• Activity: Output all the data exactly. Pictures do not belong in the copy.

• Information provided:
※ ※ ※
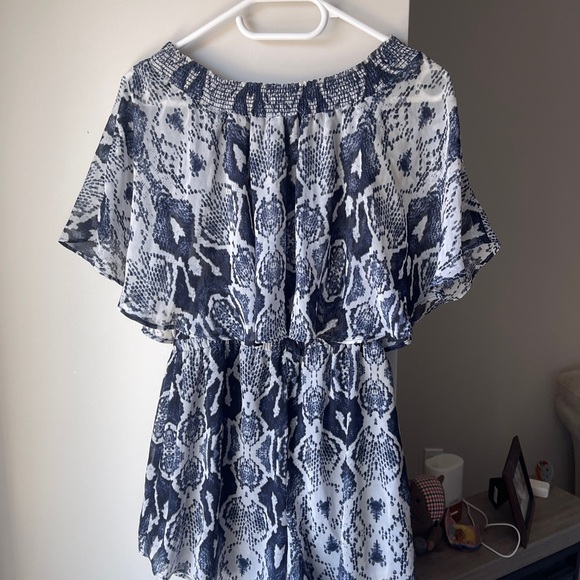 Show Me Your MuMu Navy and Cream Patterned Romper XS - Picture 3 of 3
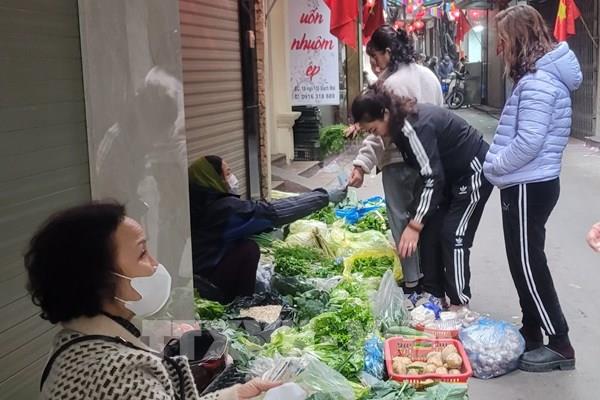 Mùng 4 Tết, trái cây, hoa tươi, trở về giá ngày thường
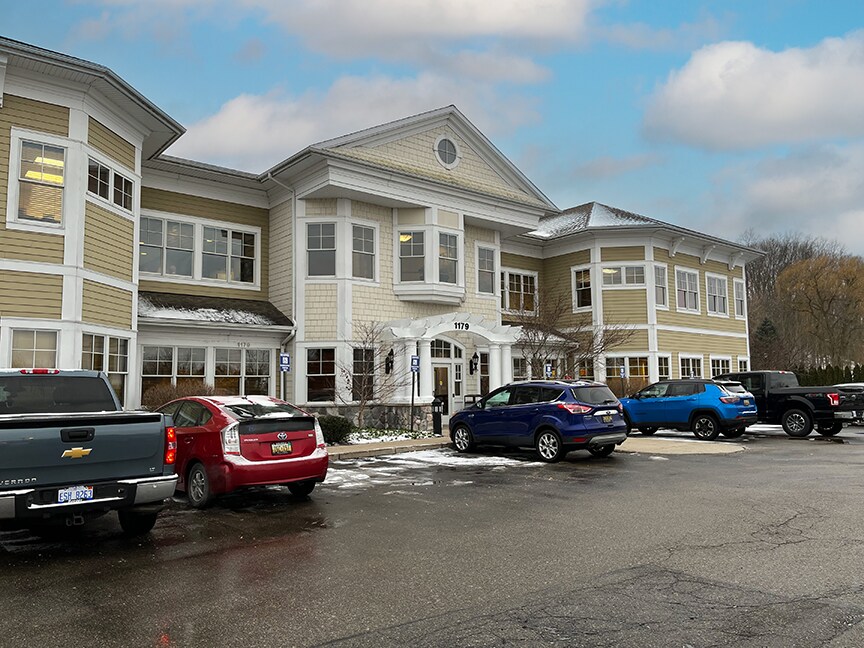 1179 E Paris Ave SE, Grand Rapids, MI à louer Photo principale– Image 1 sur 3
※ ※ ※
• Expected answer:
 Show Me Your MuMu Navy and Cream Patterned Romper XS - Picture 3 of 3
 Mùng 4 Tết, trái cây, hoa tươi, trở về giá ngày thường
 1179 E Paris Ave SE, Grand Rapids, MI à louer Photo principale– Image 1 sur 3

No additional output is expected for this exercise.